Learned Counsel submitted that in law there is no difference between the owner of a business name and his business name.
He argued that even if the Appellant alleged that the name of the Company in question is Strategic Oil and Gas Ltd. (which is not conceded), the Appellant must still go further to establish that the Strategic Oil and Gas is an incorporated Company having a legal personality. He referred the Court to the case of Bank of Baroda v. Iyalabani Co. Ltd. (2002) 13 NWLR Pt. 185 page 551. Learned Counsel contended that the essence of joinder of a party is to be bound by the outcome of the proceedings. He cited the case of Udo v. S.S.N.C. (2001) 14 NWLR Pt. 732 page 116 at 162.
He argued that misjoinder or nonjoinder does not disturb the jurisdiction of the Court to entertain a matter. He referred the Court to the cases of:
Udo v. S.S.N.C. (supra) at page 162;
In re: Leonard Okoye & ors. v. Nigeria Construction and Furniture Co. & Sons Ltd. (1991) 6 NWLR Pt. 199 page 501;
Union Beverages v. Pepsi Cola (1994) 2 SCNJ 157 at 176.

Learned Counsel maintained that the claim before the Court is for money had and recorded for a failed consideration and not a claim for declaration. He urged the Court to dismiss the issue for lack of merit. It is not in dispute that the parties before the trial Court were Mr. Sam Azubuike the Plaintiff and Mr. Pat Agbachi as the Defendant. The parties are natural persons, known to law. The claim of the Plaintiff/Respondent at the lower Court is for money had and received to which no consideration was given. The Plaintiff at the lower Court to buttress this fact exhibited the deposit slip of payment as Exhibit B to his affidavit in support of the claim under the Undefended list.
The said Exhibit B is on page 4 of the Record of Appeal. It is a Current Account Deposit Slip for diamond Bank Limited dated 10/1/2000 in which the sum of N1,000,000 was lodged into the account of Patrick Agbachi No. 0130400377006 and the name of the Depositor is Sam Azubuike. The transaction was processed at Diamond Bank Ltd. Victoria Island Branch on 11th January, 2000.

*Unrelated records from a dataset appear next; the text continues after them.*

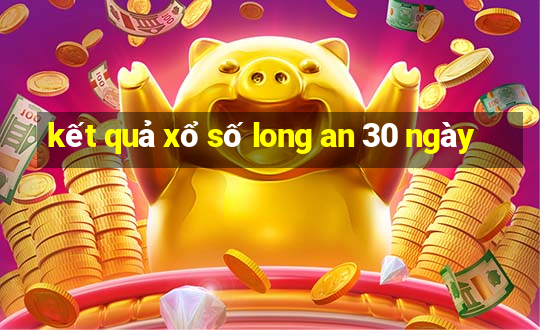 kết quả xổ số long an 30 ngày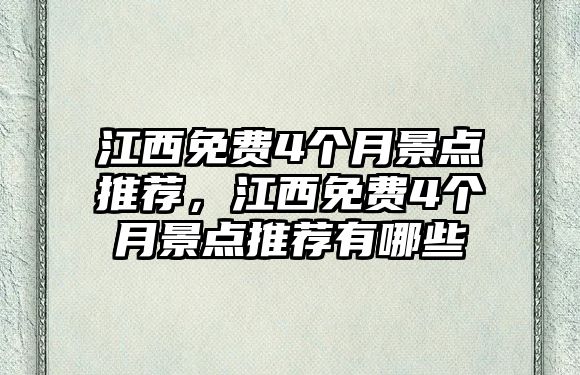 江西免費(fèi)4個(gè)月景點(diǎn)推薦，江西免費(fèi)4個(gè)月景點(diǎn)推薦有哪些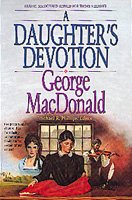 A Daughter's Devotion (George Macdonald Classic Series) cover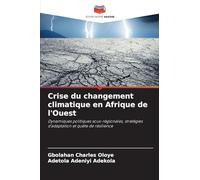 Crise du changement climatique en Afrique de l'Ouest: Dynamiques politiques sous-régionales, stratégies d’adaptation et quête de résilience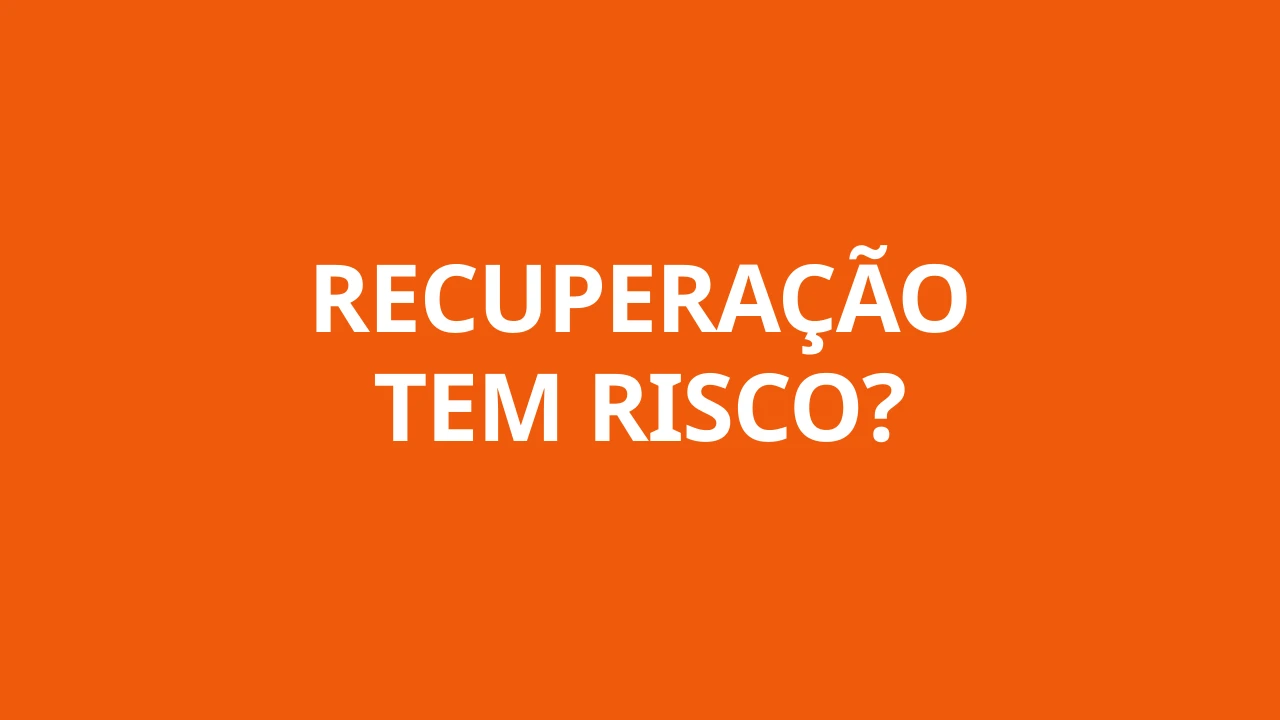 RECUPERAÇÃO TEM RISCO?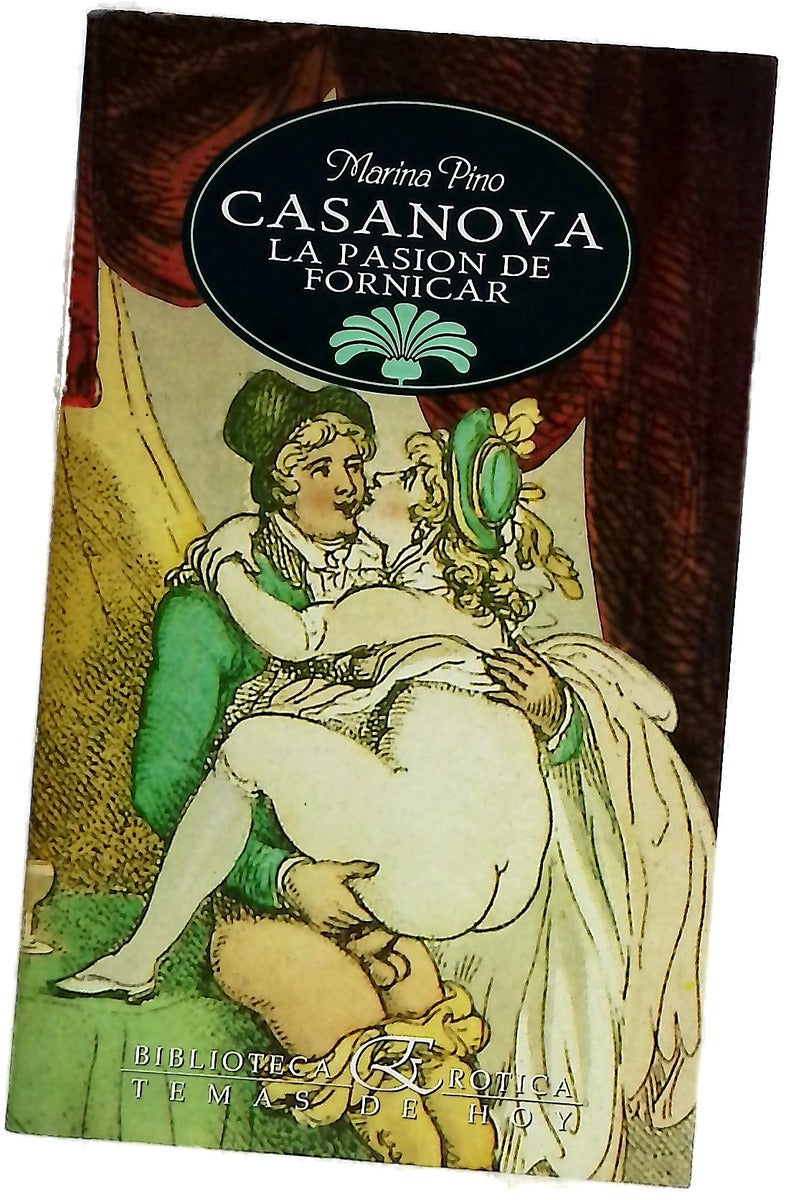 Casanova, la pasión de fornicar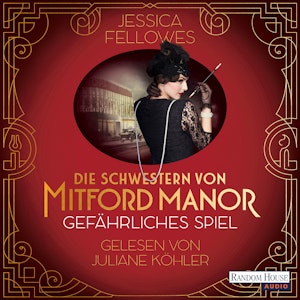 Die Schwestern von Mitford Manor – Gefährliches Spiel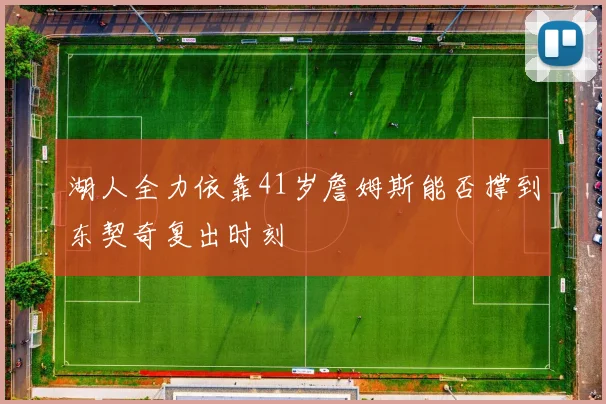 湖人全力依靠41岁詹姆斯能否撑到东契奇复出时刻
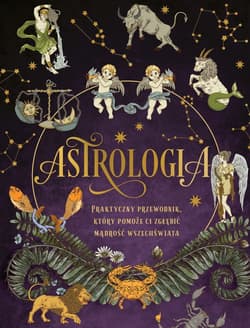 Astrologia. Praktyczny przewodnik, który pomoże ci zgłębić mądrość wszechświata - Elsie Wild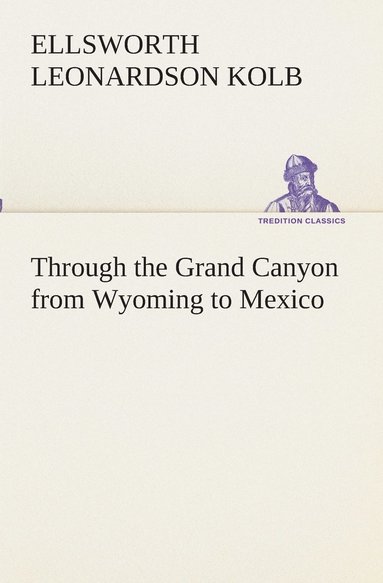 bokomslag Through the Grand Canyon from Wyoming to Mexico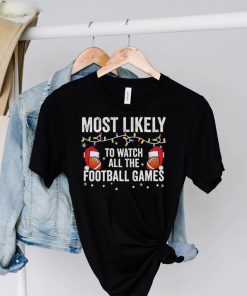 Most Likely To Watch All The Football Games Christmas Lights Shirt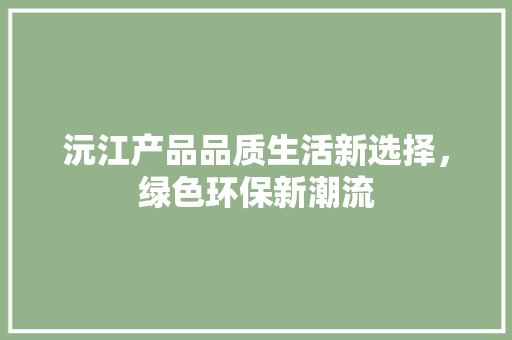 沅江产品品质生活新选择，绿色环保新潮流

The only reason which could make a person a party to an action is that he should be bound by the outcome of the action. The question to be determined in the action must be such that cannot be effectively and efficiently and completely settled unless such a person is joined.
The Supreme Court said in the case of Leonard Okoye & Ors. v. Nigeria Construction and Furniture Co. Ltd. and Anor. (1991) 6 NWLR Pt. 199 page 501 at 532 Per Akpata J.S.C.:-
In my view, failure to join a necessary party is an irregularity which does not affect the competence or jurisdiction of the Court to adjudicate on the matter before it”. See also:-
Labiru Ltd. v. Building &Civil Engineering Contractors (1962) 2 SCNLR 118;
Ekpere v. Aforije (1972) 1 All NLR (Pt.1) 220.

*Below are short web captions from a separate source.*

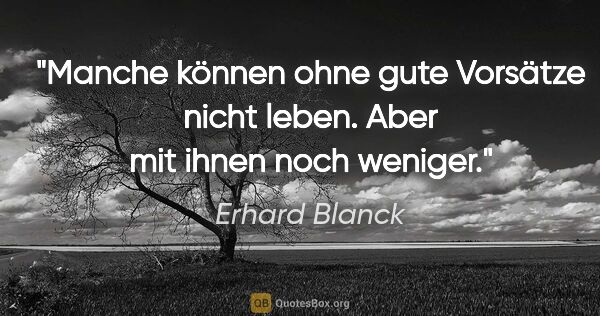 Erhard Blanck Zitat: "Manche können ohne gute Vorsätze nicht leben. Aber mit ihnen..."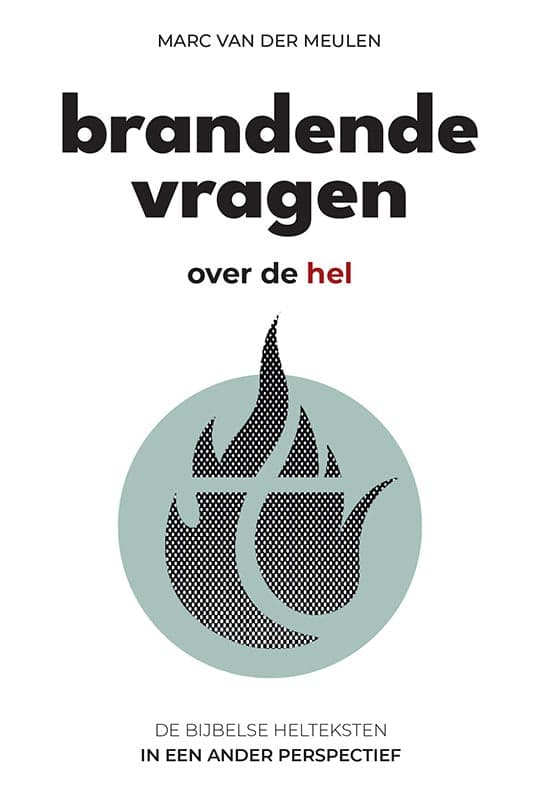 Brandende vragen over de hel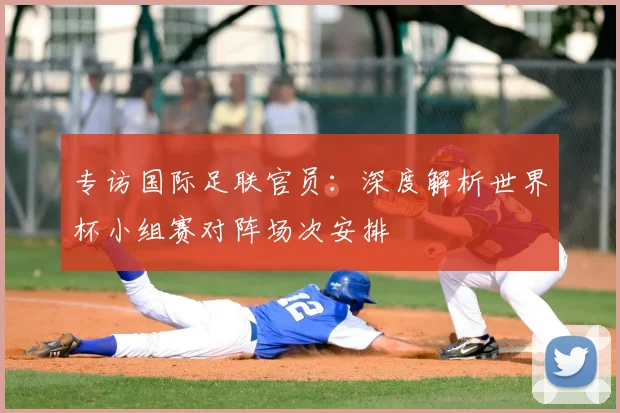 专访国际足联官员：深度解析世界杯小组赛对阵场次安排
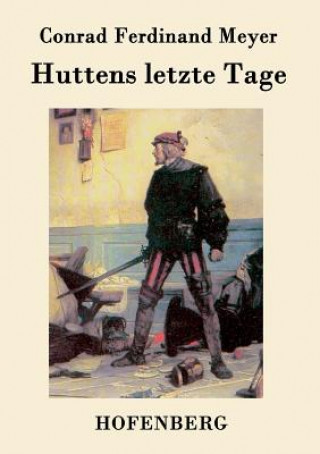 Książka Huttens letzte Tage Conrad Ferdinand Meyer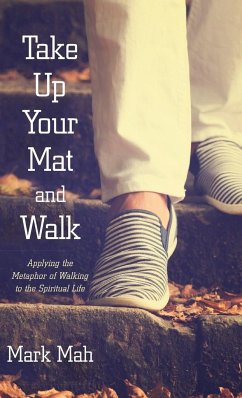 Take Up Your Mat and Walk - Mah, Mark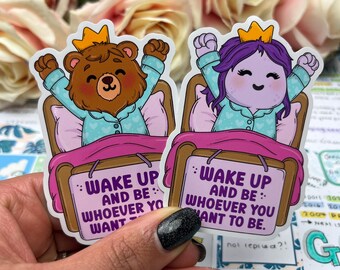 Wake up and be whoever you want to be  - Vinyl Sticker  - Journal Planner Laptop Sticker (0152)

In Union Beverages v. Pepsi Cola (1994) 2 SCNJ 157 at 173 
the Supreme Court said Per Adio JSC:
“Proceedings will not he a nullity on the ground of lack of competence of the Court or lack of jurisdiction where a plaintiff fails to join a party who ought to have been joined. In suck a case, the Court may deal with the matter in controversy so far as regards the rights and interests of the parties actually before it.”
(underline mine for emphasis)
Also in Udo v. S.S.N.C. (2001) 14 NWLR Pt. 732 page 116 at 162 the Court said of the effect of nonjoinder Per Edozie JCA thus:-
“An action cannot be defeated on the grounds of non-joinder. It is settled law in all the Courts that where an action has not been properly constituted whether as regards joinder of the cause of action or as to parties, it has been procedurally beneficial and prudent to raise objection to the defect in the action before or at hearing of the Action. See Kalu v. Odili (1992) 5 NWLR Pt. 240 page 130.”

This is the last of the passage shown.